The publication next month of a new version of Walter Scott's 'Minstrelsy of the Scottish Border' will provide we Borderers with yet another opportunity to analyse and agonise over our region's troubled past.
It was Sir Walter who, almost single-handedly, gave the Border lands their sometimes unwanted reputation as a lawless, blood soaked medieval wilderness where murder, kidnap and blackmail were daily occurrences as the brutal family gangs of reivers went about their evil business.
Nowadays our American cousins run DNA tests on each other to determine whether they may be descended from those clans of rapists, pillagers and cold-blooded killers.
Scott's 1802 minstrelsy, produced after he collected dozens of ancient ballads, songs and tales of derring-do during a 'pilgrimage' through the Border Counties, was seized upon by historians. The minstrelsy was key in shaping the perceived way of life for cowering hordes of locals in southern Scotland during the late Middle Ages, and that version of events has been with us ever since.

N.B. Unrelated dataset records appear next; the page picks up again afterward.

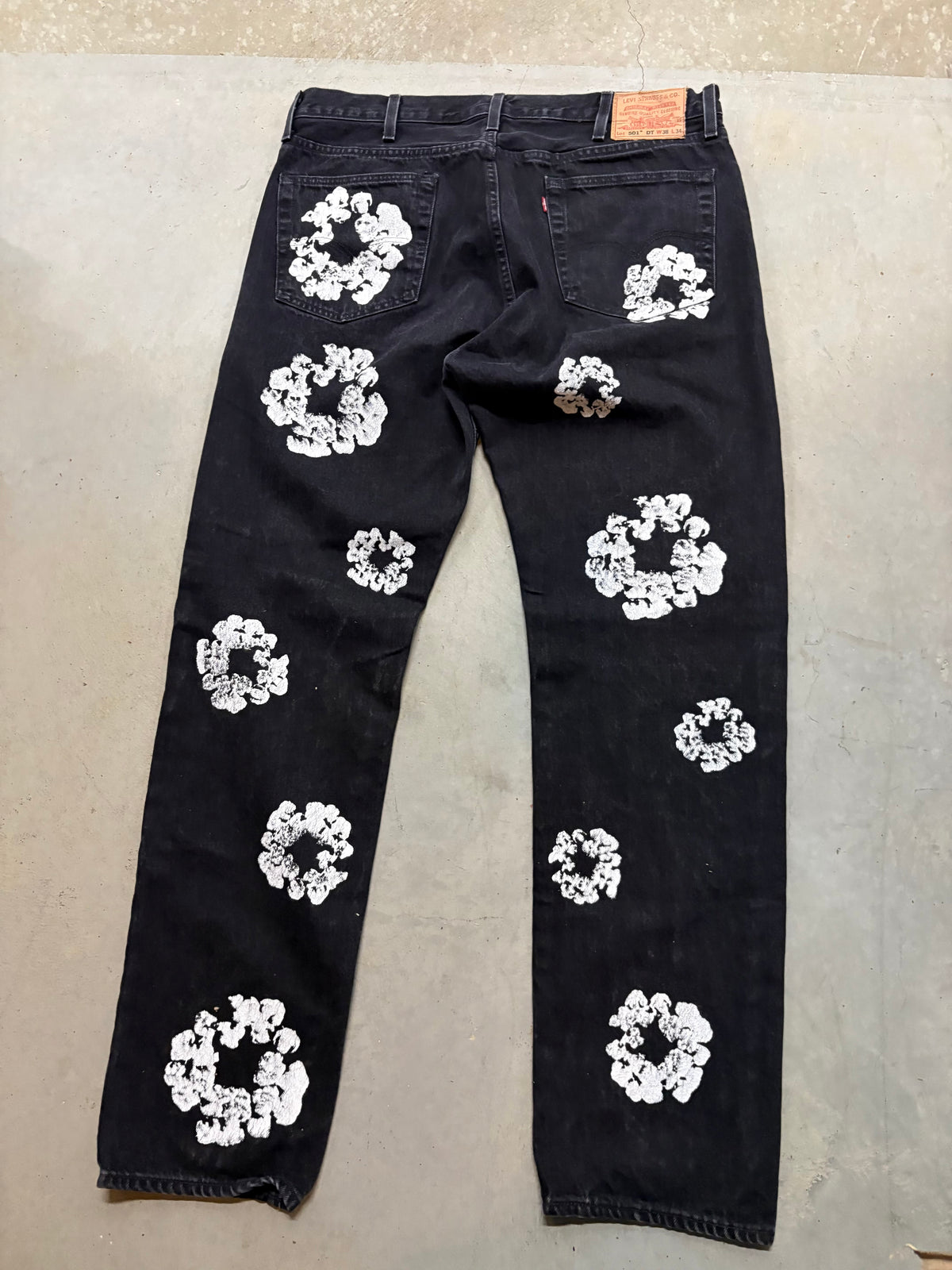 Size 38 - Denim Tear x Levi Cotton Wreath Black Jeans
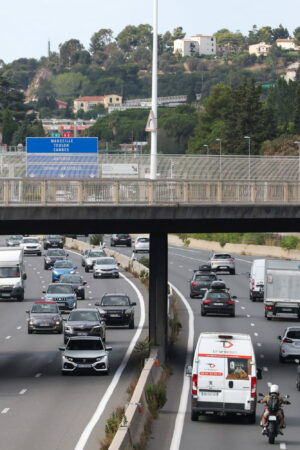 Cette pratique très courante sur les routes sera interdite dès le 1er janvier – attention aux amendes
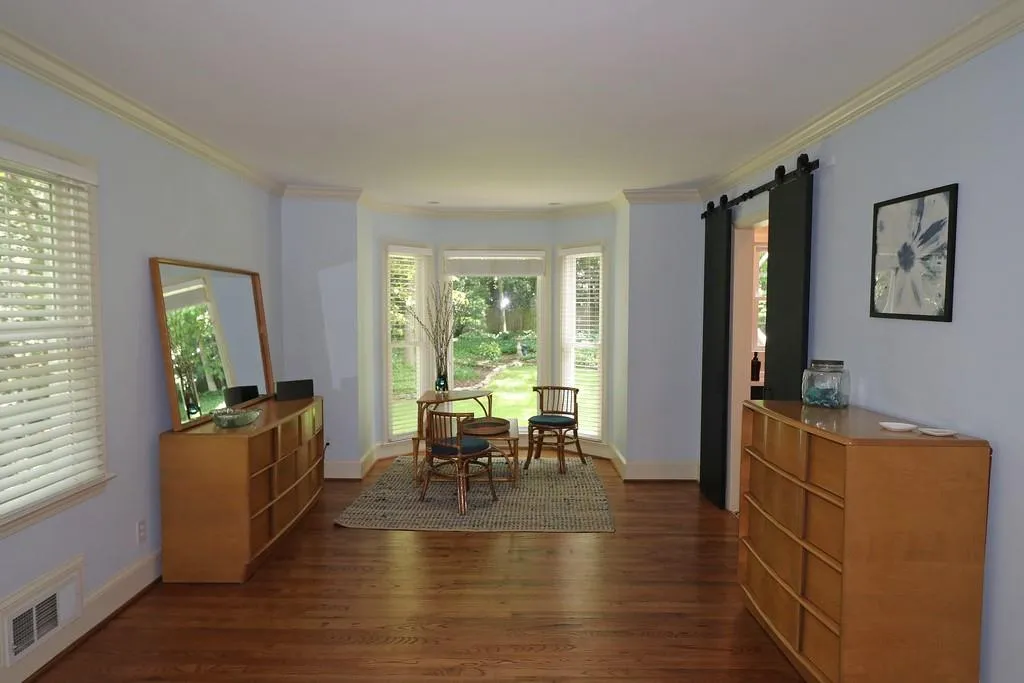 7725 Nesbit Ferry Road, Sandy Springs, Georgia 30350, 5 Bedrooms Bedrooms, ,5 BathroomsBathrooms,Residential,Sold,7725 Nesbit Ferry Road,6714885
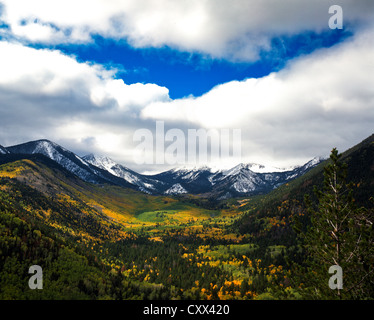 En haut de la montagne Sugarloaf en vue sud Lockett Meadow/bassin intérieur salon est très belle vue, au nord de Flagstaff, Arizona, États-Unis Banque D'Images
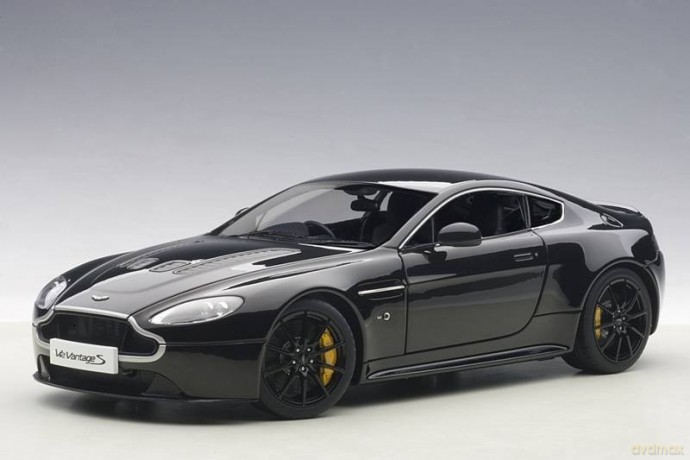 Aston Martin V12 Vantage S 2015 (jet black)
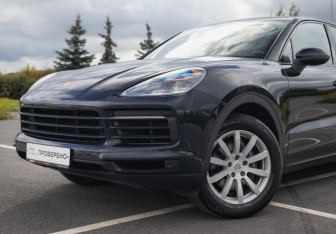 Подержанный автомобиль Porsche Cayenne 2018 года (2 фото)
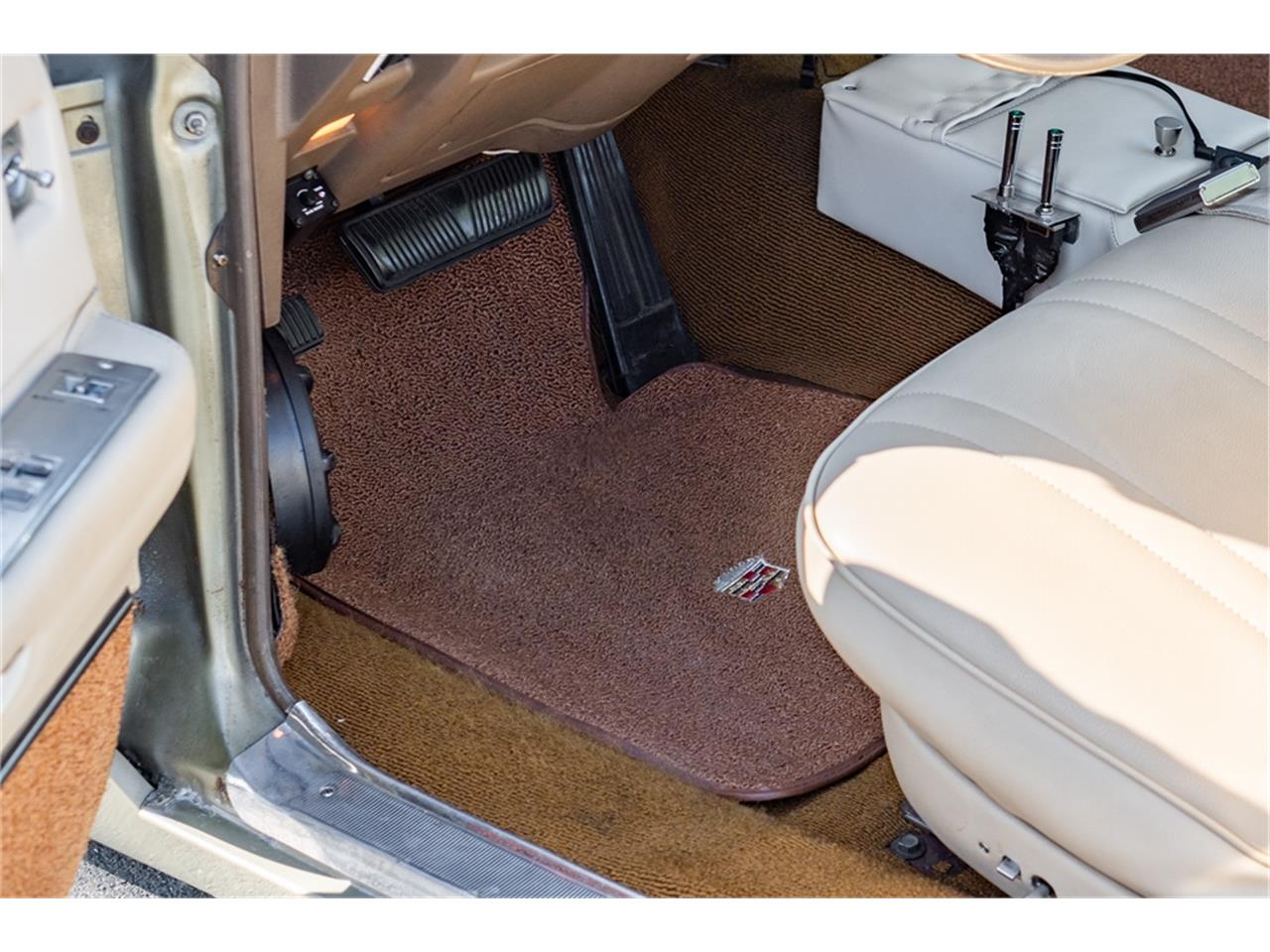 Cadillac-Deville-1968-Beige-Cream-7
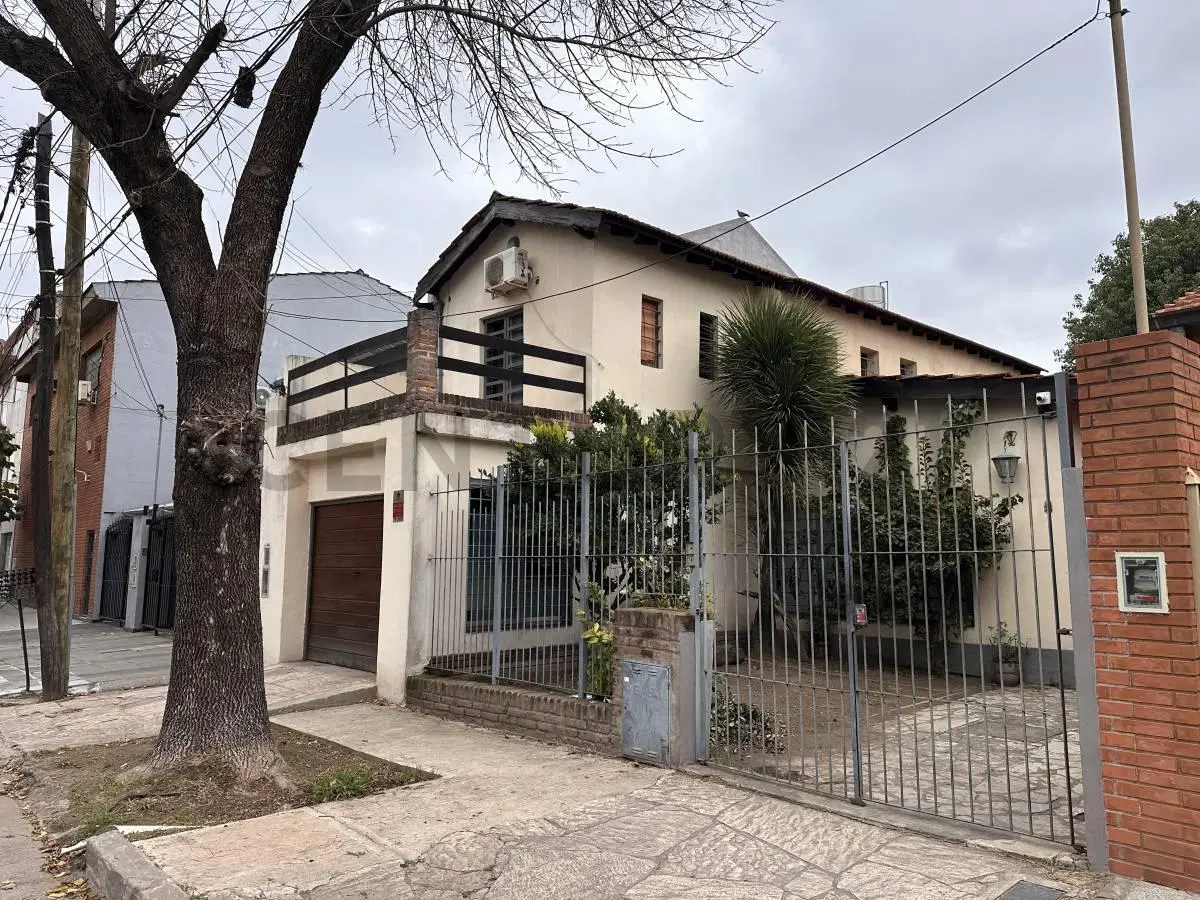 CASA EN VENTA | Lote propio con alma de hogar | Ambientes luminosos, Jardín y cochera doble en Flori 5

No doubt times were hard, and a fair amount of killing and maiming took place in those far off times. But we may never know whether the myths and legends surrounding the Border Reivers were based on fact or fiction. Were they villains or heroes? It probably doesn't matter.
The Edinburgh edition of the minstrelsy is a 600-page critical work written jointly by Sigrid Rieuwerts, of Johannes Gutenberg University in Mainz, Germany, and Katherine Campbell, Department of Culture & Scottish Studies, Edinburgh University.
We are promised: "One hundred poems and songs, many of them containing fascinating narratives of death, murder and abductions". Well I did warn you!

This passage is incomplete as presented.